Hello, I am working with gas emissions and trying to apply a gaussian plume model to MCMC Bayesian analysis using PyMC. I have (lets say) 8000 line dataframe containing gas concentration data, wind information etc… describing a day of data collection and used as input for the physics model. I historically would execute no problem using a defined gas emission source location (x, y, and z coordinates), feeding two simple parameters into the MCMC model: Emission_rate, and Background concentration. With the main goal of determining the Emission Rate.
mu = Emission rate * coupling coefficient + background
Mu is the estimate of gas concentration at each measurement time. The real readings are used to establish the Likelihood.

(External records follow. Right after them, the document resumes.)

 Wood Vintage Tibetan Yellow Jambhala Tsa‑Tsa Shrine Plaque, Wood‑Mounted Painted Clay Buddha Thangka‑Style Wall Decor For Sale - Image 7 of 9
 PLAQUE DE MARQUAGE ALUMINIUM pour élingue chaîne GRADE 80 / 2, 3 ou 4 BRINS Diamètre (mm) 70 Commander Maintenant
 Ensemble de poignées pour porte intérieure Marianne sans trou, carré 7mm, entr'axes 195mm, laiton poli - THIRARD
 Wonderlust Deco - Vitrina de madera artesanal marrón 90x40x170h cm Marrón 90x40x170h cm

I would now like to feed the source location into the MCMC model as a parameter distribution (or three, one for each coordinate x, y, and z). To do so, I would need to define the Gaussian Plume model within my pm.Model definition (I assume), as the sampled source location is needed to calculate a key ‘child’ parameter (coupling coefficient) used in the mu calculation outlined above. I am trying to set these ‘parent’/‘child’ processes up as pm.Deterministic parameters but keep hitting issues with the execution of my script (most recently: ValueError: order must be one of ‘C’, ‘F’, ‘A’, or ‘K’ (got ‘rot_points’)). If not that error, then my pm.Deterministic definitions often fail because they need actual numerical values rather than the ‘parent’ parameter name.

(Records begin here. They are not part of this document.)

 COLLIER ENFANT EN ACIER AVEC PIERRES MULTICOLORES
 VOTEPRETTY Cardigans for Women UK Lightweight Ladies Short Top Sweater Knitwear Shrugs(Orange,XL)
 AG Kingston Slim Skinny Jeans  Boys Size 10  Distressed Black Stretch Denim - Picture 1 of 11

Further more, to create the coupling coefficients that are needed for each row of the dataframe, I loop through all rows of the dataframe and calculate the coupling coefficients row by row using (among other known parameters) the ‘parent’ x, y, and z parameters described a few lines above in the same pm.Model definition.
1 - Can you have df.iterrows() functions in pm.Model definitions?
2 - Is my approach Naive/not possible?
3 - Any other comments welcome.
I hope this makes sense, and I look forward to hearing back and thoughts/comments.
You can loop in PyMC, but it’s often better to try to first think about whether another approach is possible. Could you post some code that shows the model you are trying to implement, even if it’s just numpy/pandas instead of PyMC? I’m not familiar with a guassian plume model, but from a quick google search it looks like it’s just a function of spatial coordinates. If that’s the case, you don’t need to loop at all, you can just directly do the computations on the vectors of coordinate data. If you have something like this equation:
Then you can just add the coordinate columns to your model as pm.MutableData, define random variables/parameters, and just type in this formula directly without any loops, using vectors in place of variables x, y, and z.
I am starting to think about another approach to my problem. You are spot on with the GP model. My current problem lies in the idea that the way my code currently executes is that the GP model is calculated separately and generates ‘coupling coefficients’ (cc) for each emission source in a specified location (effectively the GP equation without the Q emission rate component). C (x, y, z) is solved by summing the products of Q X cc for each emission source, then adding a background value. This is done for each time point in a time series and compared to observed values. The value of Q (an unknown) for each source is passed into the MCMC calculation as a LogNormal Distribution of possible values. The background (unknown) is also passed in as a Normal distribution.
What I am trying to do is pass in the source locations as distributions for x and y to be sampled in the MCMC run, but as the location information is required for the GP calculation of the cc’s, I would need to calculate those on the fly in the MCMC itself. I need to find a way to represent the x/y location data as one MCMC parameter, then loop through a dataframe (the time series) and somehow return the a list of cc’s which are treated as Deterministic parameters, dependent on the x/y distributions.
I know that is a bunch of text. Sorry for no code at this point (there are limits to what I can post). I plan to go off and have a good rethink, but in the event my ramblings make sense to you and you can think of a direction to send me in I would again appreciate the feedback.
Everything you’re saying sounds doable, you just need to replace “loop over” with “compute over a vector” in your planning. As long as there’s no inter-temporal dependencies that require recursive computation, you can treat the time dimension as just another index value and do the vector computation over the whole dataframe in one shot. If you’re not familiar with vectorized computation with numpy, it would be worthwhile to check out some resources on that, because pytensor (the pymc computational backend) works exactly the same way. If you can write down your model in numpy (without loops) it’s a basically a one-to-one mapping to a PyMC model, and you can drop in random variables wherever you need.
So C(x,y,z) = Q \cdot cc + \epsilon? In that case you can use C(x,y,z) to parameterize some distribution, for example as the mean of the normal (if \epsilon is mean zero normal)
Do you mean that you want some uncertainty about the locations themselves? Anything (or everything!) that goes into the GP formula can be PyMC random variables, and you can have as many observed variables as you wish scattered throughout the model. So if you have a collection of noisy location observations for a single location over time, it would be easy to use that as observed data and estimate the underlying true value.